# RECORDS FOR PROCESSING:
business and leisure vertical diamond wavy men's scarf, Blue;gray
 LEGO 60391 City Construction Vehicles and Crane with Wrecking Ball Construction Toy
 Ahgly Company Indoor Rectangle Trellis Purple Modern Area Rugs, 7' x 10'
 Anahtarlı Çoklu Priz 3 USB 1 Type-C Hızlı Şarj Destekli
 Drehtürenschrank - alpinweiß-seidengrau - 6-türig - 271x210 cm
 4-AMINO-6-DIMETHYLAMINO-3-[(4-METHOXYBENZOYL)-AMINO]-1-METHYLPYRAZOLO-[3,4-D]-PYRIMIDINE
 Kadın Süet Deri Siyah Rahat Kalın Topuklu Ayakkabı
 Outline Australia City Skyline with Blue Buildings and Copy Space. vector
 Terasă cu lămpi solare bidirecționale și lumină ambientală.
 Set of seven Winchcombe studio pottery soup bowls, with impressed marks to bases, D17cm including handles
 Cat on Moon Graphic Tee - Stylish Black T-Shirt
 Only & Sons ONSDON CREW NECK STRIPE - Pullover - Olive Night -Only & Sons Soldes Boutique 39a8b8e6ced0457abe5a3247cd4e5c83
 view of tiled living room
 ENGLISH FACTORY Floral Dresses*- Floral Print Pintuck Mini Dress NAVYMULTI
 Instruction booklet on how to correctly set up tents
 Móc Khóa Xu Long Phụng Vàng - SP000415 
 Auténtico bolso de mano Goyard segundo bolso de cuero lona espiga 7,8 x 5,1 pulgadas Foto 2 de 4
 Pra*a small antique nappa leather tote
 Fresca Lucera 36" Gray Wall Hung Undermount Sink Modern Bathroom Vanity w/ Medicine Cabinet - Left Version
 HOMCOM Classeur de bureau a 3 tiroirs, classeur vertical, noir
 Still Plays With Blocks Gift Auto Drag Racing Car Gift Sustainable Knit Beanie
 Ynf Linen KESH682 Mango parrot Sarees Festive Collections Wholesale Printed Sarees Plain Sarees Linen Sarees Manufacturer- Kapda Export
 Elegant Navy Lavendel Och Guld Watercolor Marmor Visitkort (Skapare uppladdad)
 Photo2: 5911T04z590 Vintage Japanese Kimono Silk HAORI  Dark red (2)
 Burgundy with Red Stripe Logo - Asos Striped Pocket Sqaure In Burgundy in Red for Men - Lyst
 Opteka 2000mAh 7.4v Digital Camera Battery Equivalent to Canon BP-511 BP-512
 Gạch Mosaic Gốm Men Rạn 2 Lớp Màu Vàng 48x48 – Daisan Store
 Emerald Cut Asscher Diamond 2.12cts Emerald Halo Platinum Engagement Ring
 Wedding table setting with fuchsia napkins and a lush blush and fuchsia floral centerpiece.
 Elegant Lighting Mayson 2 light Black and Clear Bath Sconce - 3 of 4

# TASK BRIEF:
Every line of the listing above is to be set down again without any change.

# RESULT:
business and leisure vertical diamond wavy men's scarf, Blue;gray
 LEGO 60391 City Construction Vehicles and Crane with Wrecking Ball Construction Toy
 Ahgly Company Indoor Rectangle Trellis Purple Modern Area Rugs, 7' x 10'
 Anahtarlı Çoklu Priz 3 USB 1 Type-C Hızlı Şarj Destekli
 Drehtürenschrank - alpinweiß-seidengrau - 6-türig - 271x210 cm
 4-AMINO-6-DIMETHYLAMINO-3-[(4-METHOXYBENZOYL)-AMINO]-1-METHYLPYRAZOLO-[3,4-D]-PYRIMIDINE
 Kadın Süet Deri Siyah Rahat Kalın Topuklu Ayakkabı
 Outline Australia City Skyline with Blue Buildings and Copy Space. vector
 Terasă cu lămpi solare bidirecționale și lumină ambientală.
 Set of seven Winchcombe studio pottery soup bowls, with impressed marks to bases, D17cm including handles
 Cat on Moon Graphic Tee - Stylish Black T-Shirt
 Only & Sons ONSDON CREW NECK STRIPE - Pullover - Olive Night -Only & Sons Soldes Boutique 39a8b8e6ced0457abe5a3247cd4e5c83
 view of tiled living room
 ENGLISH FACTORY Floral Dresses*- Floral Print Pintuck Mini Dress NAVYMULTI
 Instruction booklet on how to correctly set up tents
 Móc Khóa Xu Long Phụng Vàng - SP000415 
 Auténtico bolso de mano Goyard segundo bolso de cuero lona espiga 7,8 x 5,1 pulgadas Foto 2 de 4
 Pra*a small antique nappa leather tote
 Fresca Lucera 36" Gray Wall Hung Undermount Sink Modern Bathroom Vanity w/ Medicine Cabinet - Left Version
 HOMCOM Classeur de bureau a 3 tiroirs, classeur vertical, noir
 Still Plays With Blocks Gift Auto Drag Racing Car Gift Sustainable Knit Beanie
 Ynf Linen KESH682 Mango parrot Sarees Festive Collections Wholesale Printed Sarees Plain Sarees Linen Sarees Manufacturer- Kapda Export
 Elegant Navy Lavendel Och Guld Watercolor Marmor Visitkort (Skapare uppladdad)
 Photo2: 5911T04z590 Vintage Japanese Kimono Silk HAORI  Dark red (2)
 Burgundy with Red Stripe Logo - Asos Striped Pocket Sqaure In Burgundy in Red for Men - Lyst
 Opteka 2000mAh 7.4v Digital Camera Battery Equivalent to Canon BP-511 BP-512
 Gạch Mosaic Gốm Men Rạn 2 Lớp Màu Vàng 48x48 – Daisan Store
 Emerald Cut Asscher Diamond 2.12cts Emerald Halo Platinum Engagement Ring
 Wedding table setting with fuchsia napkins and a lush blush and fuchsia floral centerpiece.
 Elegant Lighting Mayson 2 light Black and Clear Bath Sconce - 3 of 4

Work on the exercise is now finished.